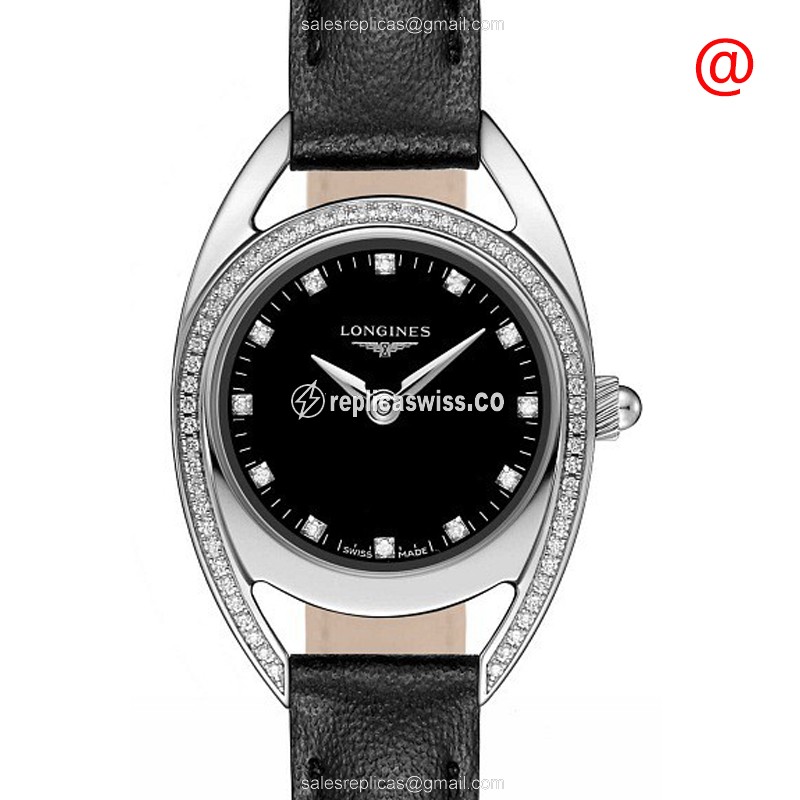 Longines EQUESTRIAN Replica - Quartz - Stainless Steel Case - Black Dial, Leather Strap - Luxury Replica EQUESTRIAN Watch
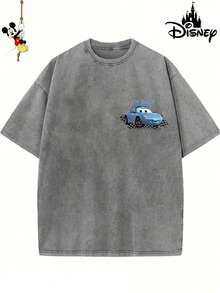 Men's Disney Washed Cars Sally Tee, Retro Print, Loose Fit, Premium Cotton Casual Wear. - 灰色 - 查看 3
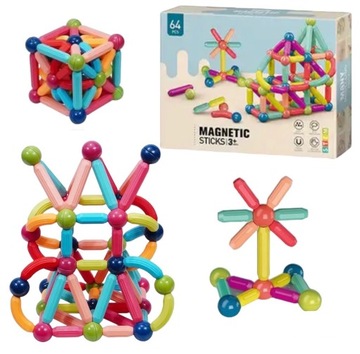БОЛЬШИЕ МАГНИТНЫЕ КОНСТРУКЦИОННЫЕ БЛОКИ МАГНИТНЫЕ ПАЛОЧКИ 64 шт.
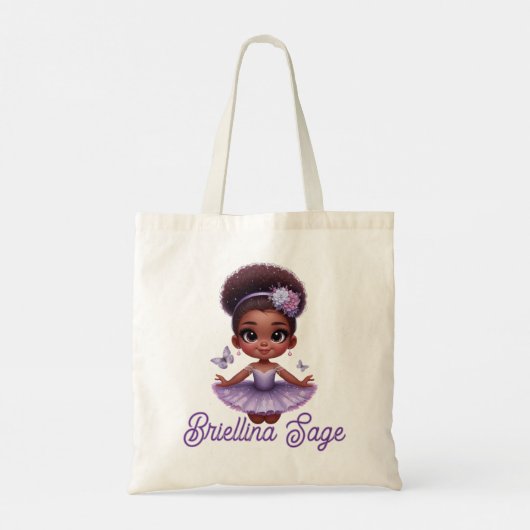 Sweet Afro Puff Paarse Ballerina Meisje Tote Bag (Achterkant)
+++++
→ **PROMPT**:
All of the data, minus its pictures, should be repeated exactly.

→ **OUTPUT OF THE TASK**:
 Longines EQUESTRIAN Replica - Quartz - Stainless Steel Case - Black Dial, Leather Strap - Luxury Replica EQUESTRIAN Watch
 Men's Disney Washed Cars Sally Tee, Retro Print, Loose Fit, Premium Cotton Casual Wear. - 灰色 - 查看 3
БОЛЬШИЕ МАГНИТНЫЕ КОНСТРУКЦИОННЫЕ БЛОКИ МАГНИТНЫЕ ПАЛОЧКИ 64 шт.
 Sweet Afro Puff Paarse Ballerina Meisje Tote Bag (Achterkant)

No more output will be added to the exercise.